I hadn’t even heard of Cities of Literature, but it might be nice to live in one…
Alan…? (My memory for names so bad, but I think I met him way back when…).
Doug
> On Nov 6, 2015, at 12:35 AM, Max Richards <[log in to unmask]> wrote:
>
> My old friend in Dunedin has been reporting to me on the visit there of Camilla,
>
> Prince Charles’s Camilla.
>
> Here is his latest bulletin from The City of Literature...
>
> best from Max in Seattle
>>
>> A clever thing that Camilla got to inspect (as I did, subsequently) was parking meters that produce poems rather than tickets. Or perhaps as well as.
>>
>> As a City of Literature idea, and lately for the Vogel Street Party (a shindig in an apartment/former-industrial/area here) was a couple of retired parking meters donated by the Council and brought to life enhanced by a clever computer-geek at the University. A push of a button produces a printed poem, from a prepared digital download of such material. Whether or not it gives one paid parking, I don't know; maybe the poem is only consolation for the eventual parking-fine?
>>
>> The next idea is that since new meters are GPS and on-line, they might be programmed to link with other Cities of Literature around the world, so that in one place some verse from another city could pop out of the parking machine.

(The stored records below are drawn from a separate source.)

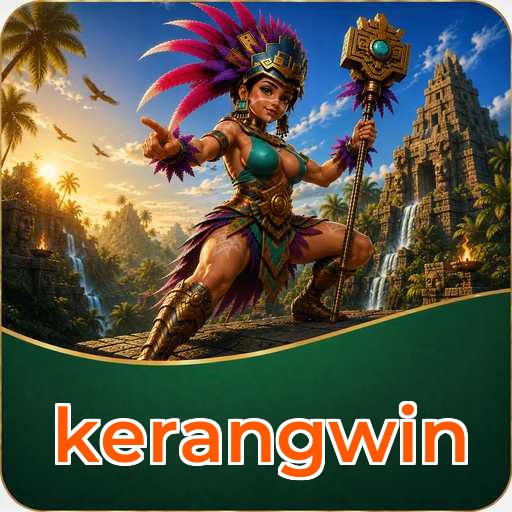 Screenshot 1 - kerangwin Home Screen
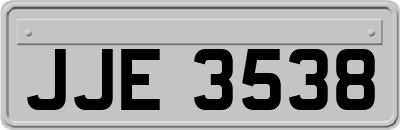 JJE3538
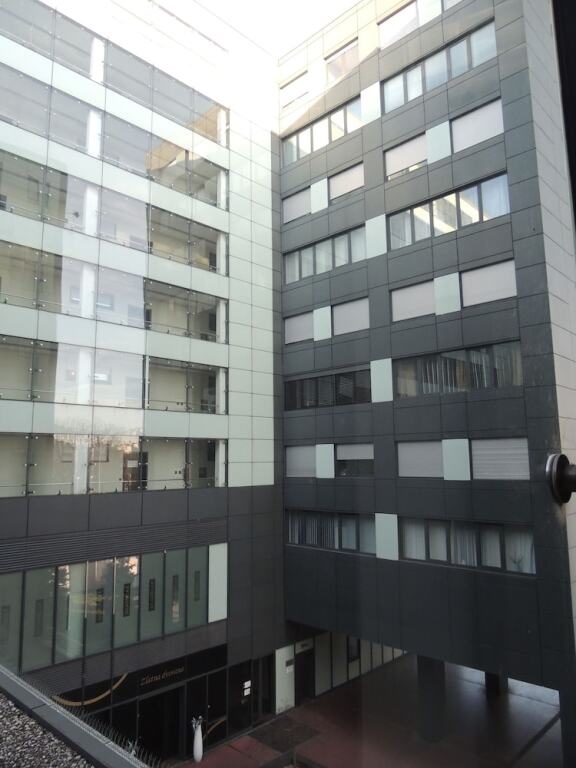 King & Queen Apartments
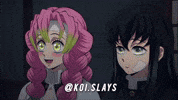 Demonslayer GIF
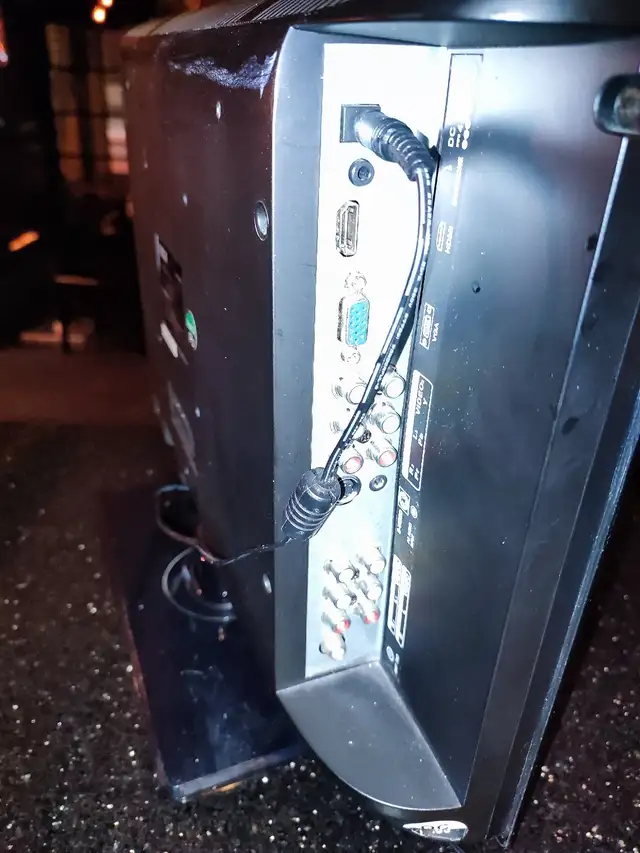 19" RCA TV / Computer Screen  in TVs in City of Toronto - Image 3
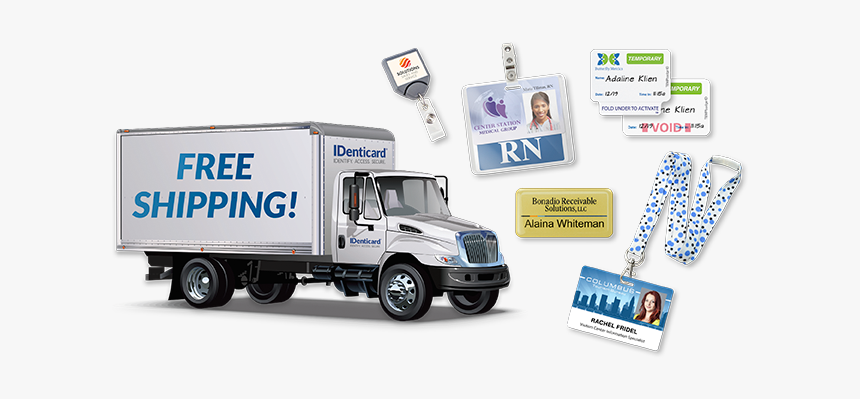 Compact Van, HD Png Download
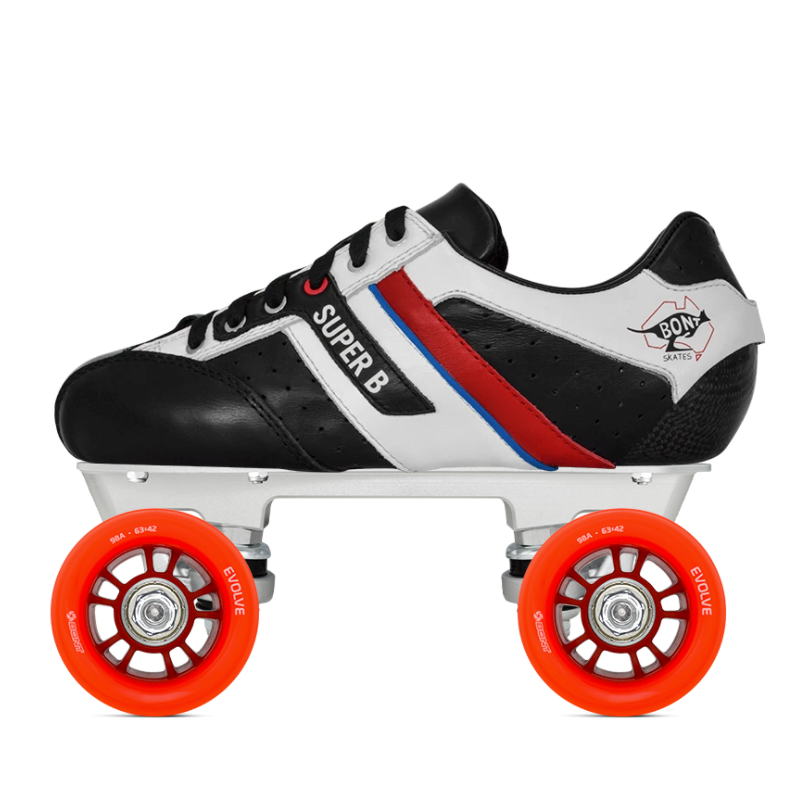 Bont Super B Tracer Speed Package — TryFitCore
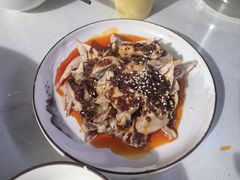-邱大妈水煮(龙山店)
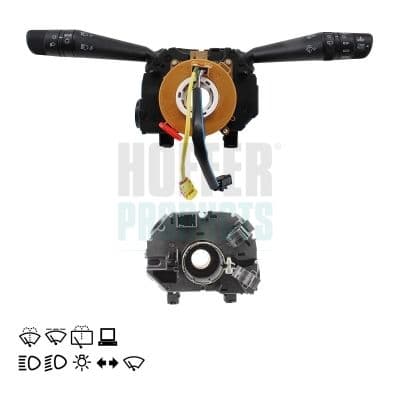 Comutator coloana directie MEAT & DORIA 21031618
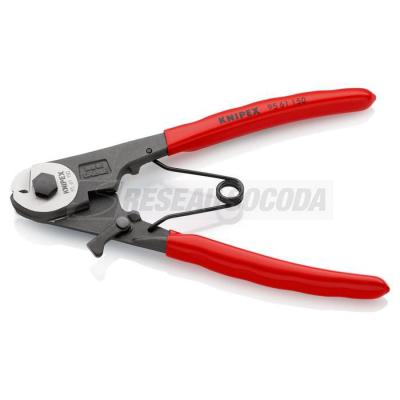  Coupe-c�bles acier Bowden 150m 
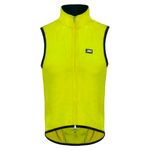Chaleco Magenta Ciclismo 172 Unisex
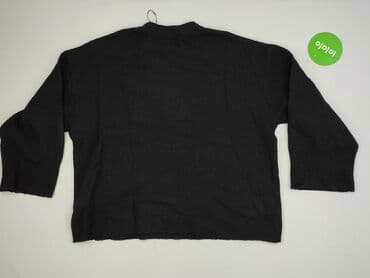 czy sweter z wiskozy jest dobry: Divided, Women`s sweater, size L (EU 40) — 3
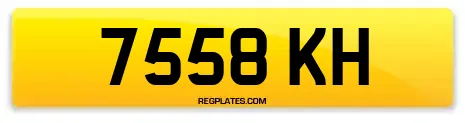 7558 KH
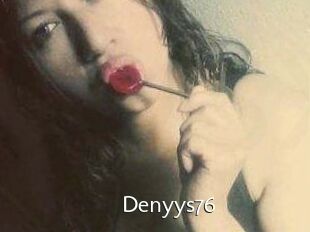 Denyys76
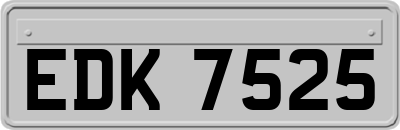 EDK7525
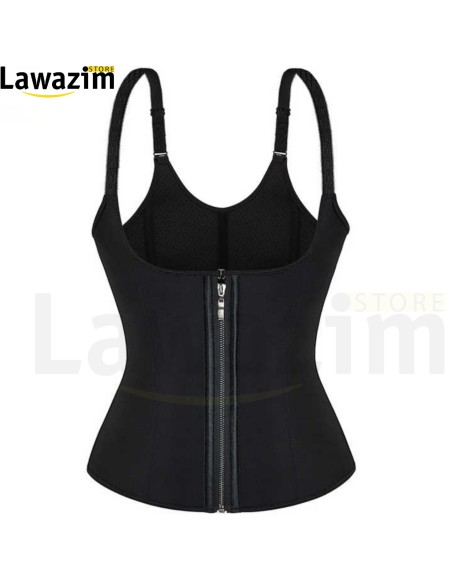 مشد كولومبي نسائي للتنحيف Faja Colombianas Corset Amincissant pour Femmes - لخصر مشدود وجسم منحوت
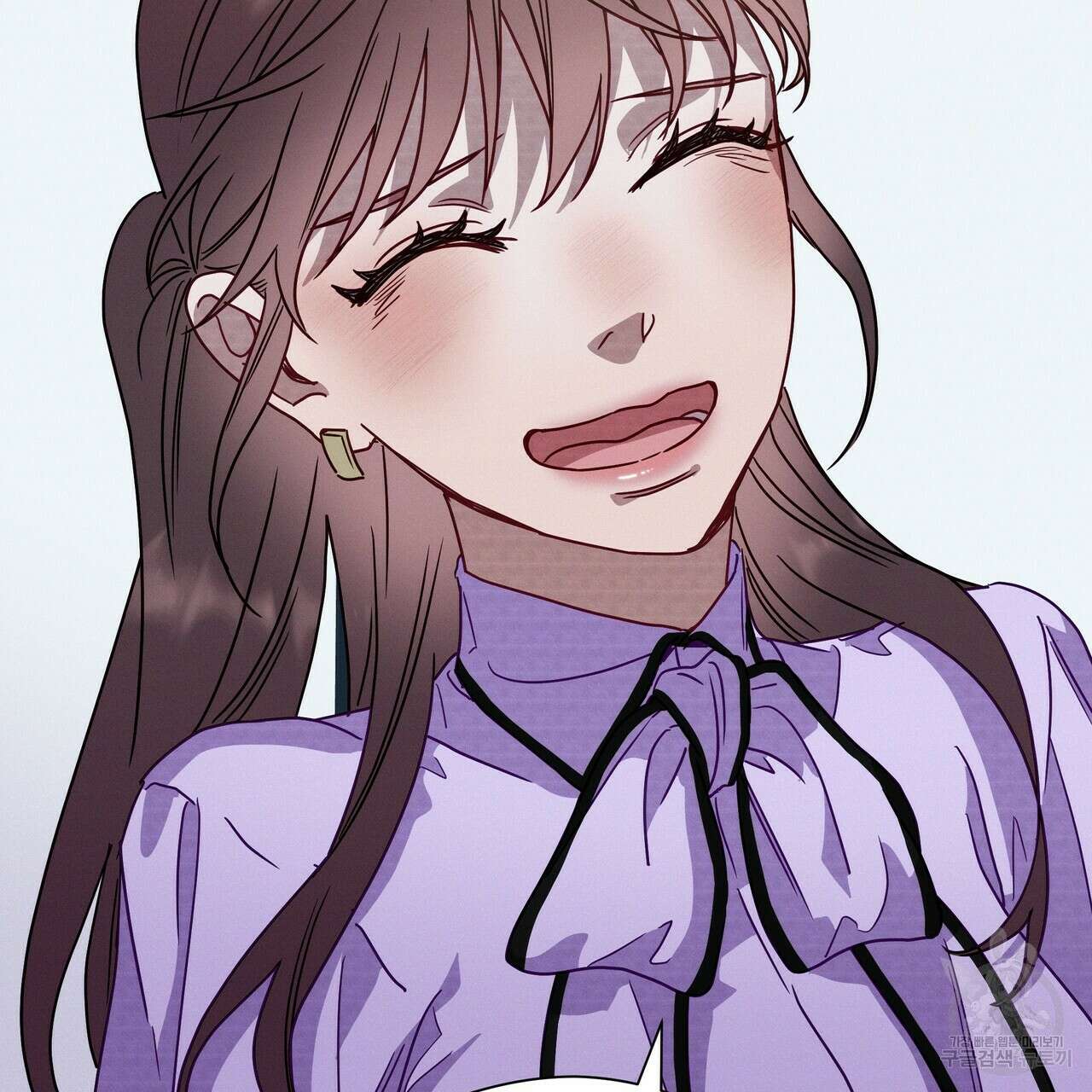 티파니에서 모닝 키스를 50화 184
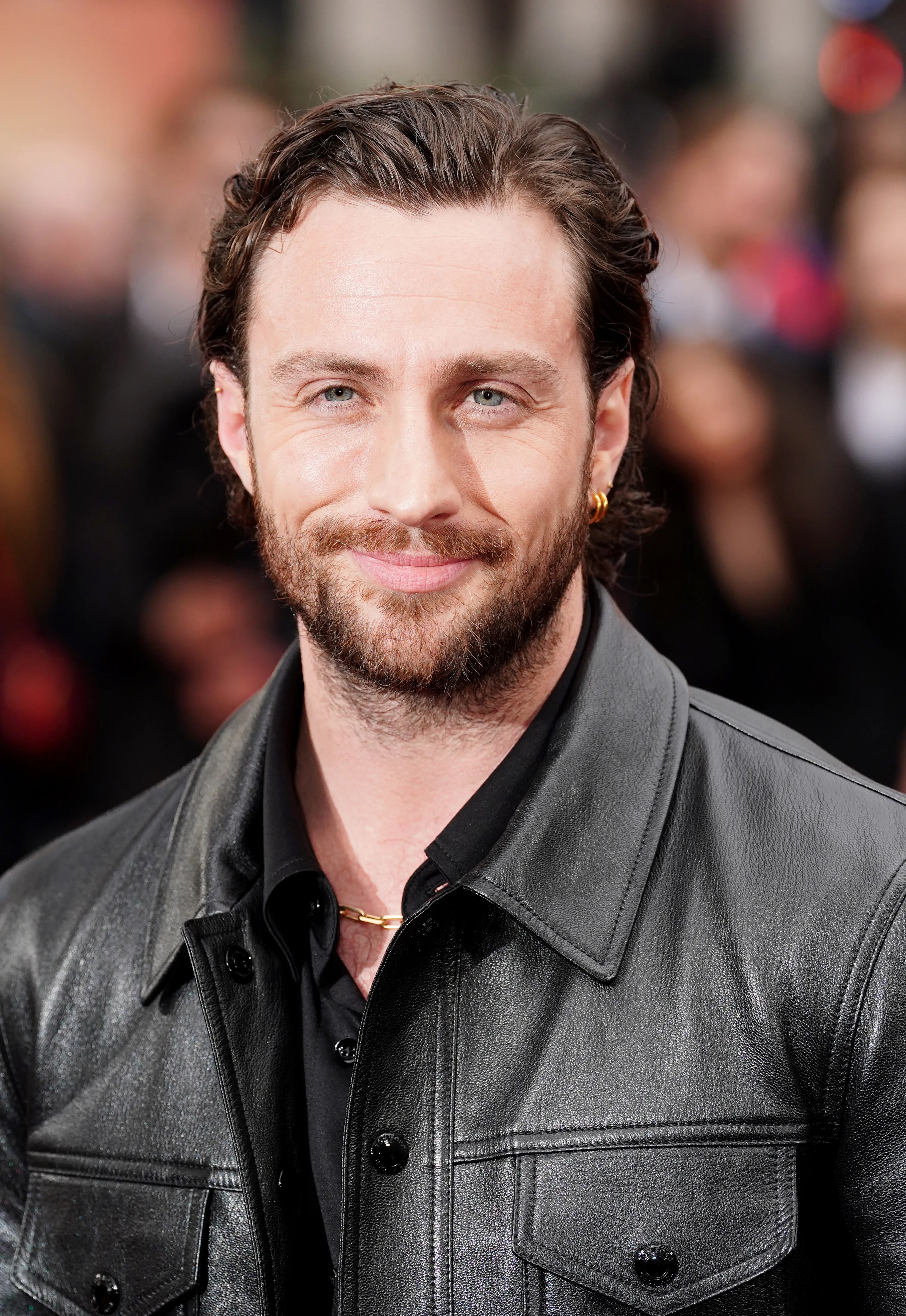 Aaron Taylor-Johnson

Ah, dreams, dreams… But these geeks are devilish cunning!
>>
>> Alan
Douglas Barbour
[log in to unmask]
Recent publications: (With Sheila E Murphy) Continuations & Continuation 2 (UofAPress).
Recording Dates (Rubicon Press).
Done in by creation itself.
I mean the gods. Not us. Well us too.
The gods moved into books. Who wrote the books?
We wrote the books. In whose dream, then are we dreaming?
Robert Kroetsch.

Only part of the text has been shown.